(Records provided Opens)
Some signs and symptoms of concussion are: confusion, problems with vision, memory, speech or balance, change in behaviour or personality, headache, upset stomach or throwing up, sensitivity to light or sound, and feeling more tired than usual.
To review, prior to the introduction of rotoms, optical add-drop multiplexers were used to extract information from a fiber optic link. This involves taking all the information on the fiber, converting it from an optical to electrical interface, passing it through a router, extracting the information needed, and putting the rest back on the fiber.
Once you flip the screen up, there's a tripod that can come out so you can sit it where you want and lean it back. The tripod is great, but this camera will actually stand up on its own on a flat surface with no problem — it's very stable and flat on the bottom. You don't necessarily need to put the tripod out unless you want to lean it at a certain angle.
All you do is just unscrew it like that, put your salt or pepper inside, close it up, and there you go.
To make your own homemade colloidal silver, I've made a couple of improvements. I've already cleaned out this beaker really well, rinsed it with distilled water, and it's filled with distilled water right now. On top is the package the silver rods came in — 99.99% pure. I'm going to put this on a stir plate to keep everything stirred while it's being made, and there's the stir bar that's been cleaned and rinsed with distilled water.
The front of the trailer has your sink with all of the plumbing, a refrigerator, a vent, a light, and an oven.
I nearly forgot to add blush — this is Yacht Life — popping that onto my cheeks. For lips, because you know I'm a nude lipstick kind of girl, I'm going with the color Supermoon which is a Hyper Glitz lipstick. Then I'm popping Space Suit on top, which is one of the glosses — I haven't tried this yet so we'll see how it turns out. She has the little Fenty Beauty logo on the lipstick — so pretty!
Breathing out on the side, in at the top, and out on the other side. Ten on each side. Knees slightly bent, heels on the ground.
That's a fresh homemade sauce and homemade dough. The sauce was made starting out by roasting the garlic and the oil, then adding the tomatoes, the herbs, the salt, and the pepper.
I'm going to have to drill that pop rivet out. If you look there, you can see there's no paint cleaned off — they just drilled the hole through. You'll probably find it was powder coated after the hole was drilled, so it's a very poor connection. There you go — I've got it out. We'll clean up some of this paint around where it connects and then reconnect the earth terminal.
(Records provided Closes)
* _What is expected_:
Reproduce the lines above, beginning at the line with "All you do is" and stopping after the line with "To make your", exactly as they are.

* _Response to the task_:
All you do is just unscrew it like that, put your salt or pepper inside, close it up, and there you go.
To make your own homemade colloidal silver, I've made a couple of improvements. I've already cleaned out this beaker really well, rinsed it with distilled water, and it's filled with distilled water right now. On top is the package the silver rods came in — 99.99% pure. I'm going to put this on a stir plate to keep everything stirred while it's being made, and there's the stir bar that's been cleaned and rinsed with distilled water.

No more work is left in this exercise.